It wasn’t until 1924 that numerical restrictions were placed on white European immigration, creating a situation in some ways similar to today’s, in which would-be immigrants had to compete, before they left home, for the few available visas to come to the United States. The restrictions placed on Europeans, though, pale in the face of those that the 1924 legislation placed on non-Europeans: as “aliens ineligible to citizenship” because they belonged to the “colored races,” they were excluded altogether. Although the 1924 quotas did not apply to the Western Hemisphere— Congress couldn’t figure out what “race” Mexicans actually belonged to—the legislation also invented the concept of the “illegal immigrant” and created the Border Patrol to keep Mexicans out. (I describe these restrictions in more detail in the section on immigration and race in my book.)
The last major immigration reform, in 1965, finally removed the racially defined quota system, and replaced it with a uniform quota system for all countries. But the new laws of 1965 were only one factor leading to the huge increase in immigration from Latin America and Asia.
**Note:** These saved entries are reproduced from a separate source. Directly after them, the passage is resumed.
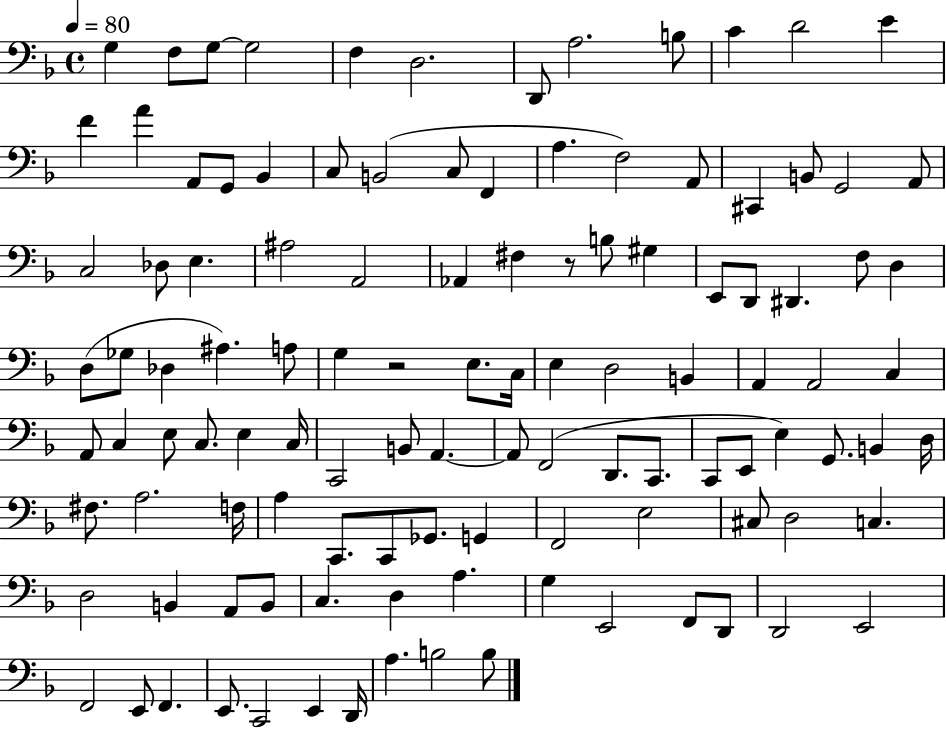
X:1
T:Untitled
M:4/4
L:1/4
K:F
G, F,/2 G,/2 G,2 F, D,2 D,,/2 A,2 B,/2 C D2 E F A A,,/2 G,,/2 _B,, C,/2 B,,2 C,/2 F,, A, F,2 A,,/2 ^C,, B,,/2 G,,2 A,,/2 C,2 _D,/2 E, ^A,2 A,,2 _A,, ^F, z/2 B,/2 ^G, E,,/2 D,,/2 ^D,, F,/2 D, D,/2 _G,/2 _D, ^A, A,/2 G, z2 E,/2 C,/4 E, D,2 B,, A,, A,,2 C, A,,/2 C, E,/2 C,/2 E, C,/4 C,,2 B,,/2 A,, A,,/2 F,,2 D,,/2 C,,/2 C,,/2 E,,/2 E, G,,/2 B,, D,/4 ^F,/2 A,2 F,/4 A, C,,/2 C,,/2 _G,,/2 G,, F,,2 E,2 ^C,/2 D,2 C, D,2 B,, A,,/2 B,,/2 C, D, A, G, E,,2 F,,/2 D,,/2 D,,2 E,,2 F,,2 E,,/2 F,, E,,/2 C,,2 E,, D,,/4 A, B,2 B,/2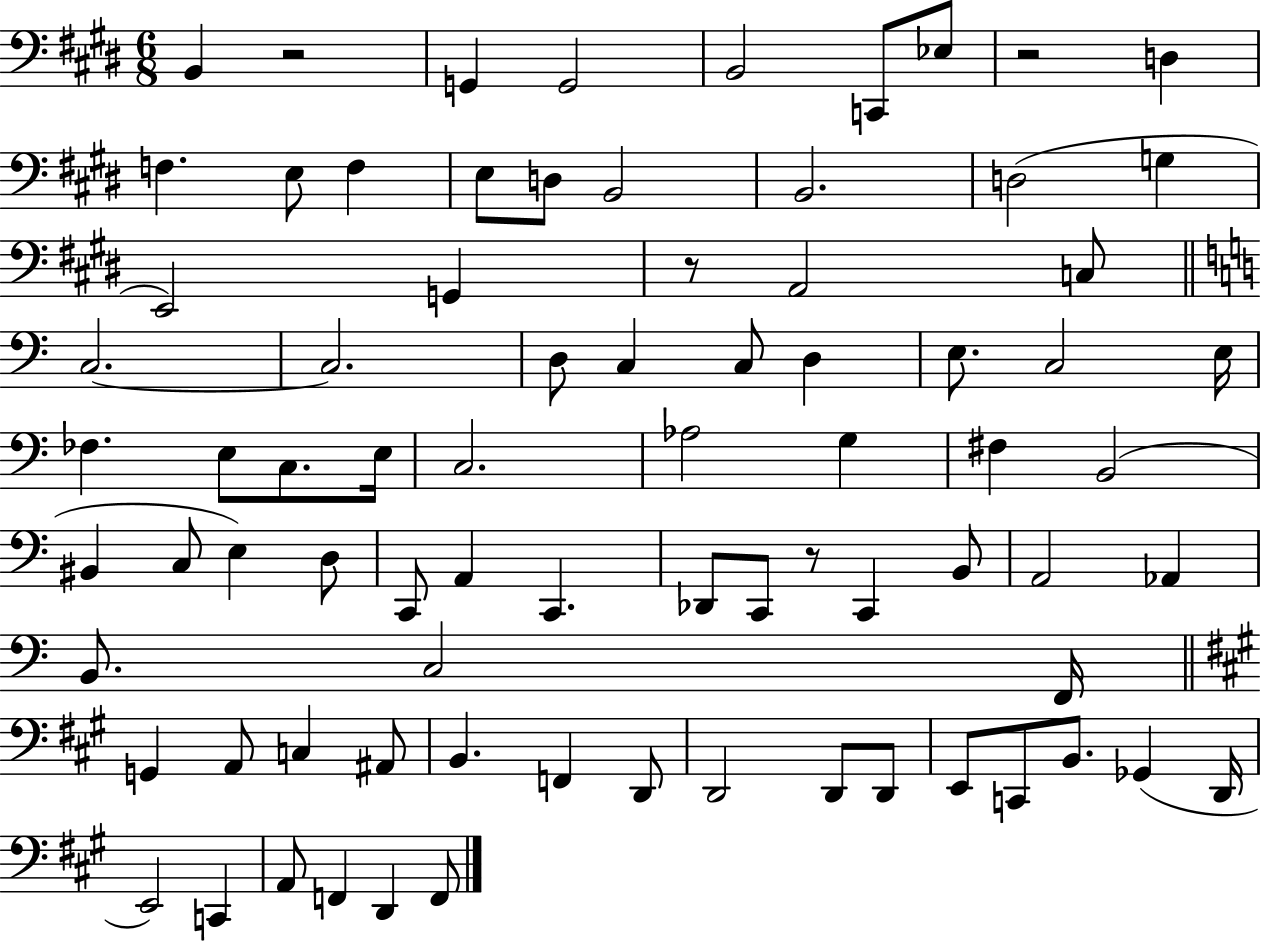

Even more important has been the acceleration of what we now call “globalization.” Today’s globalization builds on structures developed during the centuries of colonialism that preceded it. One aspect of globalization in the second half of the twentieth century has been a huge population movement from the former colonies into the lands of their former colonial masters. In order to comprehend this global phenomenon, we have to look at the socioeconomic and cultural legacy of colonialism.